Pharmacotherapy for Obesity

A Field in Crisis?

Wiebke Fenske; Jennifer Parker; Stephen R Bloom

Disclosures

Expert Rev Endocrinol Metab. 2011;6(4):563-577. 

In This Article

Peripherally Acting Agents Reducing the Efficiency of Digestion

Orlistat

Orlistat (Xenical®; Roche) is the only anti-obesity drug that remains on the market after the withdrawal of sibutramine in 2010. This stable analog of lipstatin, a naturally occurring lipase inhibitor produced by Streptomyces toxytricini, is indicated for the treatment of obesity in conjunction with a reduced-calorie diet.

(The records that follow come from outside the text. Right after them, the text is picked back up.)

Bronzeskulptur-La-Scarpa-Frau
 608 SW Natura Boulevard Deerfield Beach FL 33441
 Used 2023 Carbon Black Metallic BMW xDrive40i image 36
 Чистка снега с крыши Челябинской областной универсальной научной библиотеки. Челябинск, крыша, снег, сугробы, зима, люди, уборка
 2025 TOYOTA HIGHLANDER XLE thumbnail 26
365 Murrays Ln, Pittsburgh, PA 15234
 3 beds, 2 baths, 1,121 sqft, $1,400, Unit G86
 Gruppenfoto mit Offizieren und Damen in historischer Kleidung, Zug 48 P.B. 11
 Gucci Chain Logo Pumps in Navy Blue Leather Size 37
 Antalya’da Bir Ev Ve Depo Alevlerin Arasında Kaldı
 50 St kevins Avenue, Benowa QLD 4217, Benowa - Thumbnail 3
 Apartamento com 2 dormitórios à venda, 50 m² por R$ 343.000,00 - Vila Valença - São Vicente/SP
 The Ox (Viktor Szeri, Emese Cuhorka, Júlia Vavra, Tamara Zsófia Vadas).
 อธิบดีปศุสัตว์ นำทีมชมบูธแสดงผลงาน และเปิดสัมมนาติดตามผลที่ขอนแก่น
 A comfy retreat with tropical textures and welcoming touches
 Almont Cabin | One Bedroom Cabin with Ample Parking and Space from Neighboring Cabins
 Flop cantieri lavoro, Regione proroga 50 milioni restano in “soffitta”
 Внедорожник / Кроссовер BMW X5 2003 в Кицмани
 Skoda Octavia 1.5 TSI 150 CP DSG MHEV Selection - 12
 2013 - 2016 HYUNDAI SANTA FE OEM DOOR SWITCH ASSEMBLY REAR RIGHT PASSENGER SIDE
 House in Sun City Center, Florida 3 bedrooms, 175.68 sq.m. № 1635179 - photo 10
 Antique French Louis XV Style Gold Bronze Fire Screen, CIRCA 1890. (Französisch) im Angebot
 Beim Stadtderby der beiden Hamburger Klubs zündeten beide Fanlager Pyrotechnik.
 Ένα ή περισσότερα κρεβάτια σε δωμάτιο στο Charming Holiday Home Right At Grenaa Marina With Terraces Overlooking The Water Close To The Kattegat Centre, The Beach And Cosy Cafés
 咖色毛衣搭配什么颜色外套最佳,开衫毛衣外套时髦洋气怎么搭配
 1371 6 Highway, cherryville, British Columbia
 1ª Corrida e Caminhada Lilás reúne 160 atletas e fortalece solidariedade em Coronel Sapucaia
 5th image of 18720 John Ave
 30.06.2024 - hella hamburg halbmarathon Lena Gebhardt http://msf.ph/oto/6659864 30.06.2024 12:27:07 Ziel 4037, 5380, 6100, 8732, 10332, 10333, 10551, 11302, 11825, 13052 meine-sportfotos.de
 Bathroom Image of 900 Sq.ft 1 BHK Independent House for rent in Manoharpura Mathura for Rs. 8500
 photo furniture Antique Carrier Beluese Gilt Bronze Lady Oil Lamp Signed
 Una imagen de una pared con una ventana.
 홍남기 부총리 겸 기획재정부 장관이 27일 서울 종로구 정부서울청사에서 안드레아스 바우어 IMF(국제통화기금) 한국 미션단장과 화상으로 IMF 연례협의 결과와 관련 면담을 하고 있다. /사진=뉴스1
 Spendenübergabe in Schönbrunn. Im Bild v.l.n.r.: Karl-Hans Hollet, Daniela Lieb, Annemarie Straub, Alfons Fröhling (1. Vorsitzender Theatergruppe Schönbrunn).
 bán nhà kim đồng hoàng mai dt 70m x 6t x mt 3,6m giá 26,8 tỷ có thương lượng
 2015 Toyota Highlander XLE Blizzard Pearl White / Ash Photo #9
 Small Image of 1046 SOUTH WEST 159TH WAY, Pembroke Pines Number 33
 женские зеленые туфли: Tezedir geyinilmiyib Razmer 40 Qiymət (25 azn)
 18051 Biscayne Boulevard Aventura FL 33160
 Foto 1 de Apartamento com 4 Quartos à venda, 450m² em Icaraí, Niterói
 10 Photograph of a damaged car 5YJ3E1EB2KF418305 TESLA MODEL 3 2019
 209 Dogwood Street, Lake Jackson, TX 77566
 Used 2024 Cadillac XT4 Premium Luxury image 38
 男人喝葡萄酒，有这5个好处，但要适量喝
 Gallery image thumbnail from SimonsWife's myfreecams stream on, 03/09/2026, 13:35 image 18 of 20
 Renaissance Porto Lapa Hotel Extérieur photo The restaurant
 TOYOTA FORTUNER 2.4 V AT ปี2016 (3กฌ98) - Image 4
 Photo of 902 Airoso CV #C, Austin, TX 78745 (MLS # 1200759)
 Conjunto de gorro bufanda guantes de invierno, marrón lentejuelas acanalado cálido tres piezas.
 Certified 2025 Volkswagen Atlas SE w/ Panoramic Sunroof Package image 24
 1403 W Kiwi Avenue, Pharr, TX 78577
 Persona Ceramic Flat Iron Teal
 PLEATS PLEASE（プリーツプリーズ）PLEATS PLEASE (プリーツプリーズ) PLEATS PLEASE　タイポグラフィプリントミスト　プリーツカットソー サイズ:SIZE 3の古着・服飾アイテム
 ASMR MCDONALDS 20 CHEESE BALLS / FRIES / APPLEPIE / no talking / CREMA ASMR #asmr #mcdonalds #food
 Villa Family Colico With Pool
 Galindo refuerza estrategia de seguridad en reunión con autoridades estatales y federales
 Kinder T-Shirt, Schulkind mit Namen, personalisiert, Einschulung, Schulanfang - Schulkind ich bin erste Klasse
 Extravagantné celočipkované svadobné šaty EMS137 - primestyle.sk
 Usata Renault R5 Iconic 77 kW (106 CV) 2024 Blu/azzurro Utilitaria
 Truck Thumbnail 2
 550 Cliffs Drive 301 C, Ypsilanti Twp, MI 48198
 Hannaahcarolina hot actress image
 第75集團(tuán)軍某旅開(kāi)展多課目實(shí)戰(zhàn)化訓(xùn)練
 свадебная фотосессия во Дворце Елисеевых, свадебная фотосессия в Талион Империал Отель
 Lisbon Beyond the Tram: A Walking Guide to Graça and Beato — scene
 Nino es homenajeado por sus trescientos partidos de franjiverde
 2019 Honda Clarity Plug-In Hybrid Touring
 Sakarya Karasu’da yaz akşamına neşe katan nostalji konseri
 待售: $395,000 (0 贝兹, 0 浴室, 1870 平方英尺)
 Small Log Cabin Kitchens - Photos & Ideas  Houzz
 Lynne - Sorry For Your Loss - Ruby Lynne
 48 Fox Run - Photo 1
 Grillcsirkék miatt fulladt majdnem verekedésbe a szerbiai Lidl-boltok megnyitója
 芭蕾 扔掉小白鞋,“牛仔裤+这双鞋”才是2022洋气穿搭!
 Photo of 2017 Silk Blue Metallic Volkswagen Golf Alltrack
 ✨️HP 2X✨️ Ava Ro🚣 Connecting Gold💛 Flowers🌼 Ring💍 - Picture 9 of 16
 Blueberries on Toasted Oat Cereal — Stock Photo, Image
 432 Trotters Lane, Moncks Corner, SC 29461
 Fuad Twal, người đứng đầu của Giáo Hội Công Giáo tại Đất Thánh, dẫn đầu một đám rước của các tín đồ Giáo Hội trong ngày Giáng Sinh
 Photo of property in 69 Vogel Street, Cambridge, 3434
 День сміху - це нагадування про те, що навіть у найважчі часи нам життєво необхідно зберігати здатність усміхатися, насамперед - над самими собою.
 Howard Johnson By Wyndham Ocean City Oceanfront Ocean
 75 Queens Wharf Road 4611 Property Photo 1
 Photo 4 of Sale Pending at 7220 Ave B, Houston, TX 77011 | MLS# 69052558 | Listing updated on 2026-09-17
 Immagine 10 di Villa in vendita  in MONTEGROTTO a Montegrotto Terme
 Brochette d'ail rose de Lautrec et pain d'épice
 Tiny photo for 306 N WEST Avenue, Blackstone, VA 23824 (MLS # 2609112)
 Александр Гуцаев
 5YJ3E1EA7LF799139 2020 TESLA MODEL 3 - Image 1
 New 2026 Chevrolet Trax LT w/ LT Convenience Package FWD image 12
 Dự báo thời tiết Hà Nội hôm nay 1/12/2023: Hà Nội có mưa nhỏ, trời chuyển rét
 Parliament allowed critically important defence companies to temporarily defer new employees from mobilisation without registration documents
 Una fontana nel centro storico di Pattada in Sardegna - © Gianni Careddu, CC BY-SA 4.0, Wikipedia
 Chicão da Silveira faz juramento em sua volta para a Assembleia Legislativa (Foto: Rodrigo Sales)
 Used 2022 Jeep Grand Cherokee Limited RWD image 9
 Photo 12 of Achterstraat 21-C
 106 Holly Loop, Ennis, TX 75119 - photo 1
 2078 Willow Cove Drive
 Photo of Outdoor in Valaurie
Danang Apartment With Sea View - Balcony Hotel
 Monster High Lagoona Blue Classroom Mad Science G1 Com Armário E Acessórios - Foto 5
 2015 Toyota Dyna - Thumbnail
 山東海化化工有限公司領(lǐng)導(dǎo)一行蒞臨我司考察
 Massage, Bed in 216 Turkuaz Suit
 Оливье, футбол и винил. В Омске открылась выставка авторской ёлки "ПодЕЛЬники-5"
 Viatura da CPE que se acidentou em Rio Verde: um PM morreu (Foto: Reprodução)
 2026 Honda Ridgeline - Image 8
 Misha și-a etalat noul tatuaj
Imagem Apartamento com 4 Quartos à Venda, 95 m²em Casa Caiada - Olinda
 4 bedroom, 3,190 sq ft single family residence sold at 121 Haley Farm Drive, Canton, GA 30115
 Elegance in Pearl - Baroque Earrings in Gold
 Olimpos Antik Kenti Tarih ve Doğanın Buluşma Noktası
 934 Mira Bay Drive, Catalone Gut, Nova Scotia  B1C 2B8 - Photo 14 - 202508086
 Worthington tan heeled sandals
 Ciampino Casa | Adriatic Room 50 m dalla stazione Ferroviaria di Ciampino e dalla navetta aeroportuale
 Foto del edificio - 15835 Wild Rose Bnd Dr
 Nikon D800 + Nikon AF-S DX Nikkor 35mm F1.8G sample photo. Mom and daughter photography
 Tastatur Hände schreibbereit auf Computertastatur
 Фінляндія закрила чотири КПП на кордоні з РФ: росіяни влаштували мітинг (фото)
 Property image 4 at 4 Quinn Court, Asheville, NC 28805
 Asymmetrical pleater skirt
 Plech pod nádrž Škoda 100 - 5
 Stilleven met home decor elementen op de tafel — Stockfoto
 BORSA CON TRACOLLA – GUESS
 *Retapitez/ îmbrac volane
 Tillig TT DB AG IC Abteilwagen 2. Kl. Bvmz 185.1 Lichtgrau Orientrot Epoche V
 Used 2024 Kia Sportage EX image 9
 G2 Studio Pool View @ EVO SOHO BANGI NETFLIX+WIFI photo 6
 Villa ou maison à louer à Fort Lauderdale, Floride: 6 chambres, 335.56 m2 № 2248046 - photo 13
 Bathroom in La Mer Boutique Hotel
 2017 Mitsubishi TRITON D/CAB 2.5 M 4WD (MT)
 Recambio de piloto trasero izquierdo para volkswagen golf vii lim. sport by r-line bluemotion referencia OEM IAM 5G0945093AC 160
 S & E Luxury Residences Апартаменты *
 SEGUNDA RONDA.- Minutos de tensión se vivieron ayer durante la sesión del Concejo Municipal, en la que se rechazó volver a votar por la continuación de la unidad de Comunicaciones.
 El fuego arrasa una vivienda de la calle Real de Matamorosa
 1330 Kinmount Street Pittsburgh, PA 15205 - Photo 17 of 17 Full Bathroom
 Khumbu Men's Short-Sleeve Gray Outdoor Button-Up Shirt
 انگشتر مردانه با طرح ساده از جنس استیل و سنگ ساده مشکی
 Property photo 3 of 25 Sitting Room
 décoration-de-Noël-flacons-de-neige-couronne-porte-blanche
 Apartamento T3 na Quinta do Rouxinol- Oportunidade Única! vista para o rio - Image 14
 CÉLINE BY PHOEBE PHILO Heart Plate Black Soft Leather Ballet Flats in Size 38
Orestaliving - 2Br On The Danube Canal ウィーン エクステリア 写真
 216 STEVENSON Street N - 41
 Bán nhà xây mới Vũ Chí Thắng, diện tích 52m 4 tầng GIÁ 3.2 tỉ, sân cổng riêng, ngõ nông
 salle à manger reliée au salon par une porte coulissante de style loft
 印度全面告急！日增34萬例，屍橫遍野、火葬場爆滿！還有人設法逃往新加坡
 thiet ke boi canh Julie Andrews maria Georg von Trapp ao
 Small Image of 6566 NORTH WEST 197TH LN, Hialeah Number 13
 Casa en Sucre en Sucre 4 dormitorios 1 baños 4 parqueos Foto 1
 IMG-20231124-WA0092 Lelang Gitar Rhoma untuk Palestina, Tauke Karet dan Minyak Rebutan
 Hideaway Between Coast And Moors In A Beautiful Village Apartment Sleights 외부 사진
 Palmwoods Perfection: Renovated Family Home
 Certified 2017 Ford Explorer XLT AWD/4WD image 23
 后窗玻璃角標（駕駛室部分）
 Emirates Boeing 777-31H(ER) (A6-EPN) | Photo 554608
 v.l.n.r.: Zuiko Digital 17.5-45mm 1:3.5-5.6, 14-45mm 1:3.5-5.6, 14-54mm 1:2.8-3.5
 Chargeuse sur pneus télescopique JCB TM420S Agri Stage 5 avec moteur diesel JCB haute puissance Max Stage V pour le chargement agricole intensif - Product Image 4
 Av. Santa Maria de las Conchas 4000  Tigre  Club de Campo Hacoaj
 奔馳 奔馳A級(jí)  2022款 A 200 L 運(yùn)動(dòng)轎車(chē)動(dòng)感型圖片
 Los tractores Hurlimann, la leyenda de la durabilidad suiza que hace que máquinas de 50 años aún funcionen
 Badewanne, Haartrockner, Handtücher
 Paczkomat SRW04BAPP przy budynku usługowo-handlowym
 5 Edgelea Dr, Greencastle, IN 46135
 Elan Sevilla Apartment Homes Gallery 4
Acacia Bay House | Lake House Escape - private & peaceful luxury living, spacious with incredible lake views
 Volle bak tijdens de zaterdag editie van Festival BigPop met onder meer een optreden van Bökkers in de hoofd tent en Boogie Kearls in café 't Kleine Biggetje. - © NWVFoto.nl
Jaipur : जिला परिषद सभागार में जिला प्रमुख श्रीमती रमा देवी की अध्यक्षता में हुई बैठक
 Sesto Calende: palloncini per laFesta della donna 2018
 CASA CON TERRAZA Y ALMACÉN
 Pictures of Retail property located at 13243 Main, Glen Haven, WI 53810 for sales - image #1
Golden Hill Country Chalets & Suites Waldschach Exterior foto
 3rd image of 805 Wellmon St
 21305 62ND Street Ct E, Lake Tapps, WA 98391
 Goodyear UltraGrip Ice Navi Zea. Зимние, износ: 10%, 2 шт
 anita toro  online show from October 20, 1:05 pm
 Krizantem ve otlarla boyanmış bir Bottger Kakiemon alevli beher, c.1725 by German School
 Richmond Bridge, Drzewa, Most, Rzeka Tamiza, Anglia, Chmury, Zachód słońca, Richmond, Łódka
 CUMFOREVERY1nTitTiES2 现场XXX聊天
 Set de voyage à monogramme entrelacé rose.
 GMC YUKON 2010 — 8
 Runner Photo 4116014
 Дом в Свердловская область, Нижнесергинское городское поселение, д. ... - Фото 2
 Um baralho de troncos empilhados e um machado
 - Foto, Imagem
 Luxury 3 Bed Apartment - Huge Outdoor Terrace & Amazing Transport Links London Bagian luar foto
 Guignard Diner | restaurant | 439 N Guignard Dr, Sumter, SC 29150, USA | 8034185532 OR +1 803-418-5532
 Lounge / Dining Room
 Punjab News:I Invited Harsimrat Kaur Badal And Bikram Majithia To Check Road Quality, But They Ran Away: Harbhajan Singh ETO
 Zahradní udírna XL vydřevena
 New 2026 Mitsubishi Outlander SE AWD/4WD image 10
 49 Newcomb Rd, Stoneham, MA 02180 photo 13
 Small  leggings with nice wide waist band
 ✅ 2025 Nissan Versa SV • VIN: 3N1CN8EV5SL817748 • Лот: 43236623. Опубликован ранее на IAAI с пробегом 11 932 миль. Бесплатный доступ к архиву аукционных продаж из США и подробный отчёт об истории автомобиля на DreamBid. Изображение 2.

Orlistat acts locally to potently inhibit pancreatic and gastric lipase and thus the hydrolysis of triglycerides. As a result, only approximately two-thirds of dietary triglyceride intake is absorbed by the small intestine. Orlistat has been shown to be modestly efficacious (120 mg three-times daily) in several long-term randomized clinical trials where it induced weight loss of approximately 2–4 kg more than diet and exercise alone.[5–7] The most common side effects are diarrhea, flatulence, bloating, abdominal pain and dyspepsia. After independent reports of liver injuries (including six cases of liver failure between 1999 and 2008),[204] the FDA has recently approved a label revision for orlistat containing an additional a warning of possible severe liver injury. Compounds that inhibit glucosidase (acarbose and miglitol) and thus the digestion of starches, which induces carbohydrate absorption, have little effect on weight.